No pushovers allowed
I am still no push over, especially when it comes to the late policy. But I have flushed it out and clarified it a lot. I did this through discussion with others in my department but mainly it was based on what I felt would set up students for the real world. No one in the real world (boss or potential client) cares if your printer ran out of ink as you were trying to print your presentation at the last minute or if you forgot your project was due and didn’t start the research until the day before. You will not be given extra time.

Currently my late policy reads:
Project assignments are due at the beginning of the designated class. Late assignments will receive an automatic 20% percent reduction and will only be accepted in hard copy within 24 hours of the due date and time. This only pertains to class assignments NOT exams. You will receive a zero on any assignment not received within 24 hours of due date and time. E-mailed assignments will not be accepted unless prior permission from instructor is given. All work completed outside class time must be typed. Handwritten work will not be accepted. In-class assignments/activities cannot be completed at a later date.

There are no make-up exams or assignments without documentation of excused illness, family crisis, or university accepted absence.

Why the change
Why the swing from not at all to a little leeway you may ask? Well,mainly because I don’t just assign things for no intended purpose. There are skills I want them to get from the assignment. If a student is willing to put forth the effort to get it in within the 24 hour period, I feel they deserve the opportunity for learning – and for the associated points. I do not feel they should receive the same points consideration as students who made the effort to turn it in on time. There is a level of reality in this. I have had students in car accidents or with a family emergency on the date a big assignment is due. Hence the caveat of “excused illness, family, crisis, or university accepted absence.”

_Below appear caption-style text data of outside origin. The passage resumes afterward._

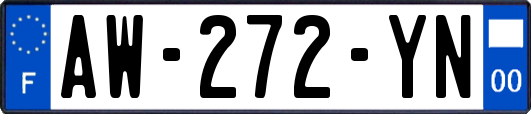 AW-272-YN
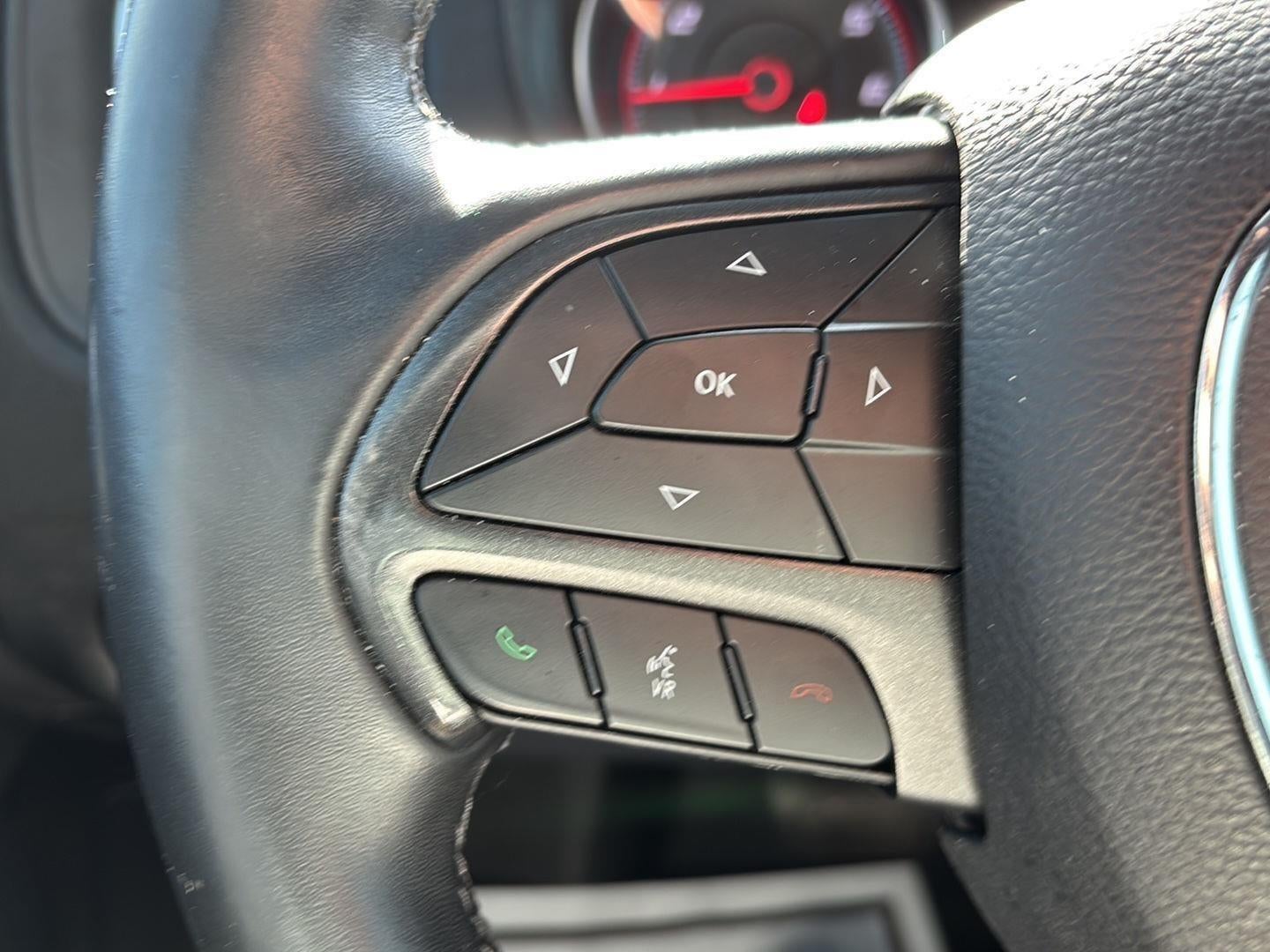 2019 Dodge Charger Police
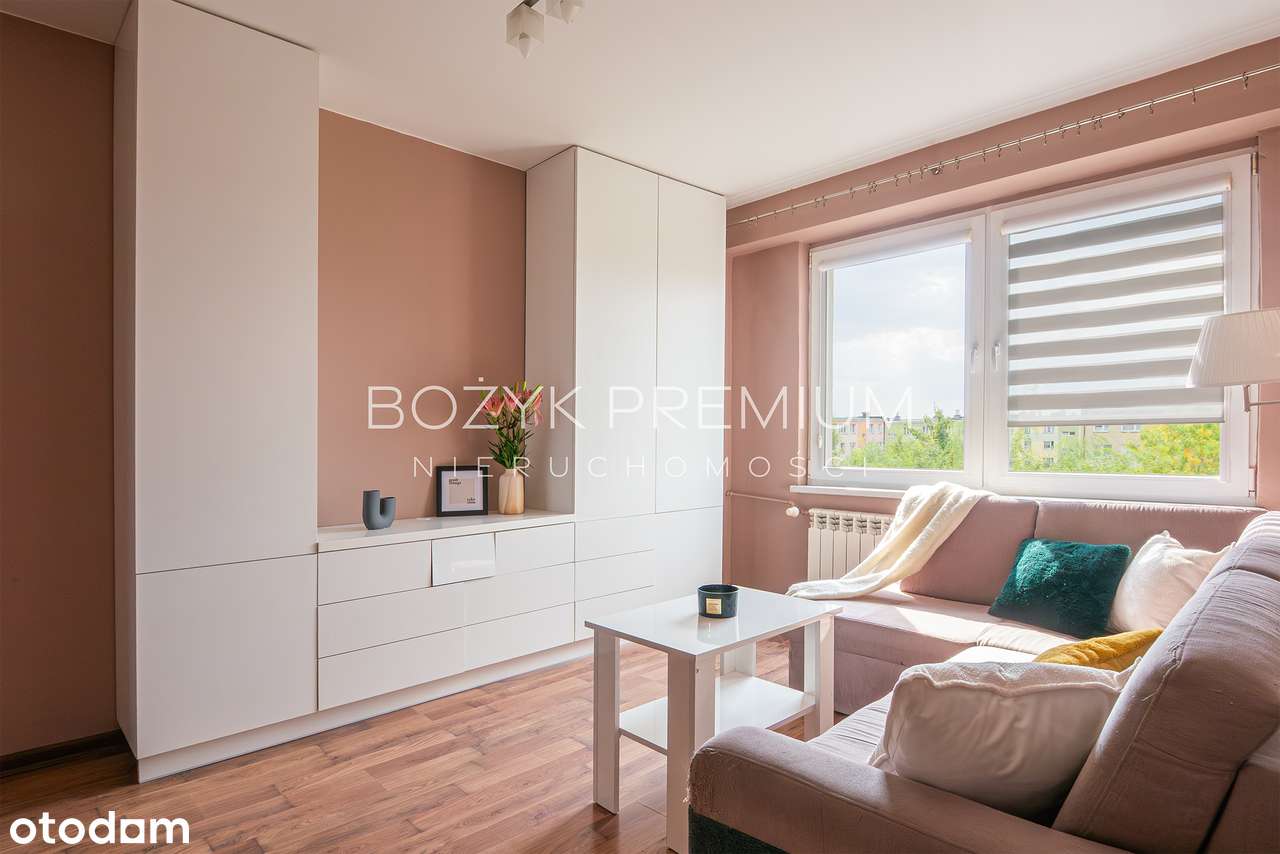 4 pokoje | gotowe do wprowadzenia | 0% PROWIZJI-6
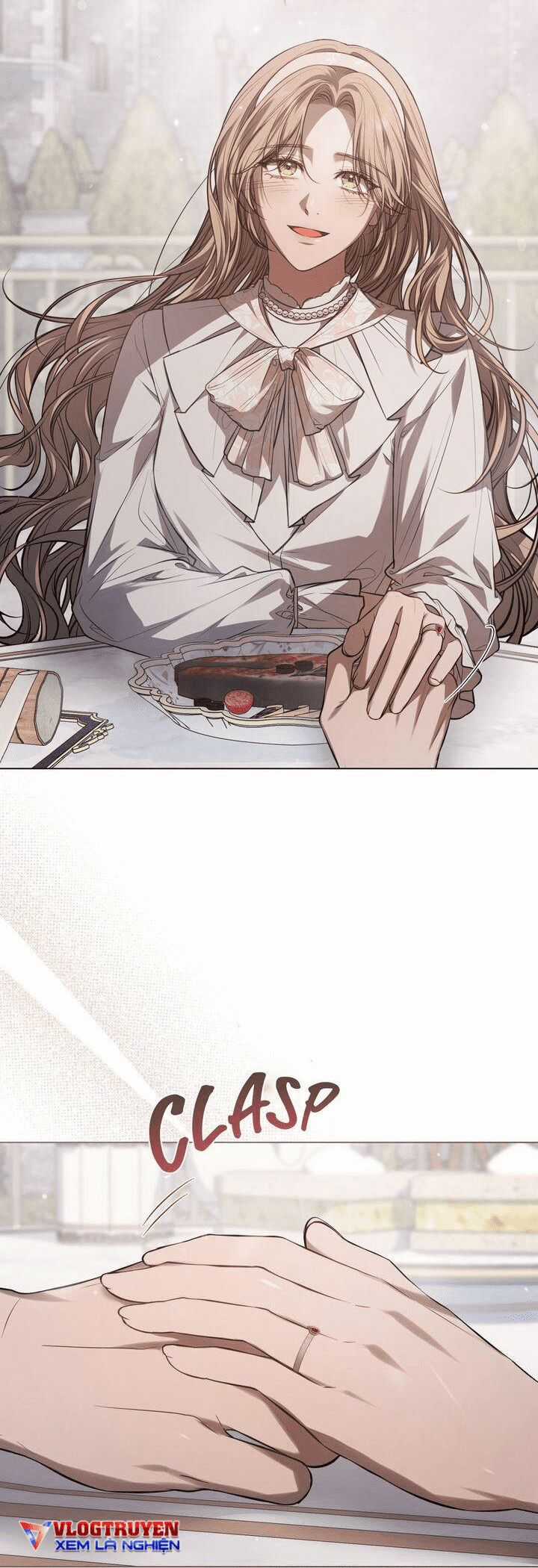 Ánh Trăng Đỏ Trong Đêm Chapter 13 trang 35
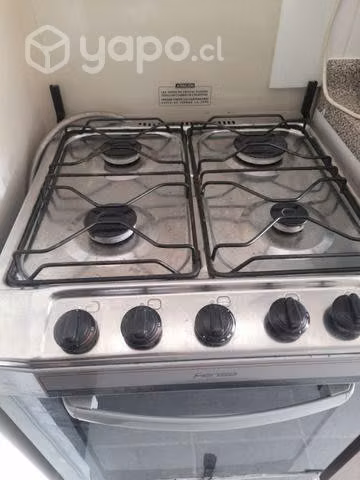 Fensa Cocina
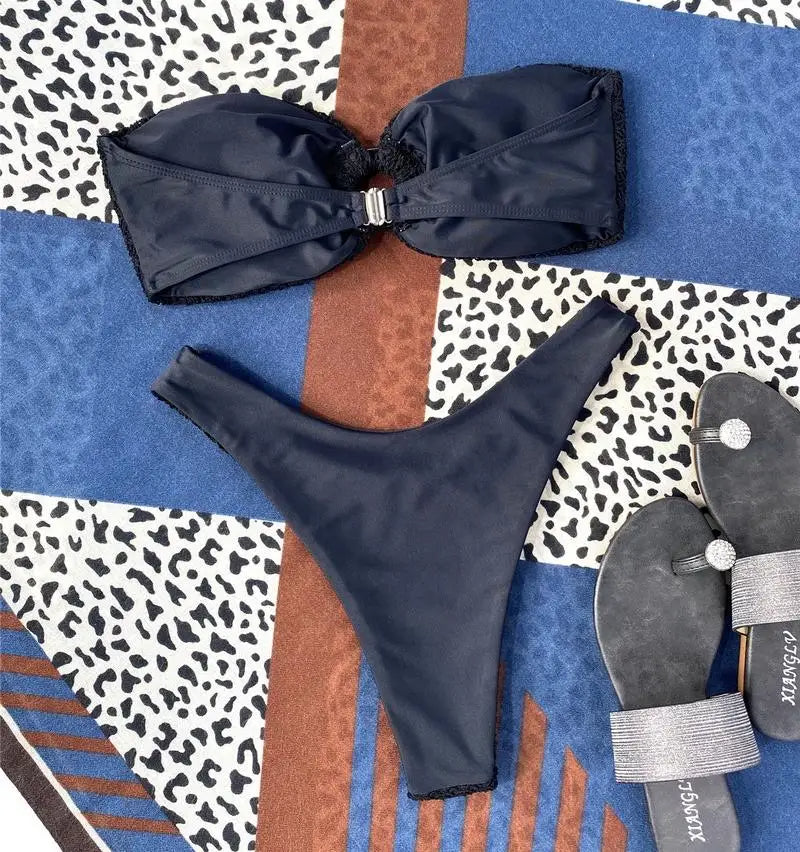 Andrea® | Effortless and chic bikini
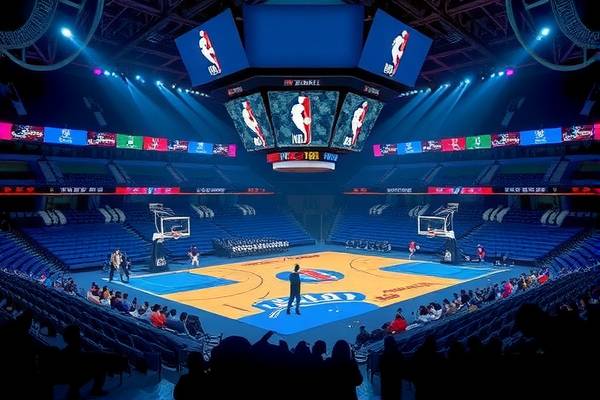 NBA总决赛录像回放，经典瞬间，永恒记忆  NBA总决赛录像回放 经典瞬间 第3张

What works for one may not work for all
This is my policy and it works for my classes. I teach history and retail classes, not design classes. Late policies may need to be very different for those classes – or for different bodies of students. Late policies within my own department are VERY varied – from “I’ll take it until I start grading” to “no, I won’t take it at all.” I think the most important aspect, as I said above, is clarity. Students need to know what is expected, what the consequences are AND that the policy is uniformly applied. This has really cut down on the “dog ate my homework” excuses for me.

What about you
What is your late policy? How have you changed it over the years? What issues have you encountered with students based on you late policies? Remember, it’s never too late for any of us to change.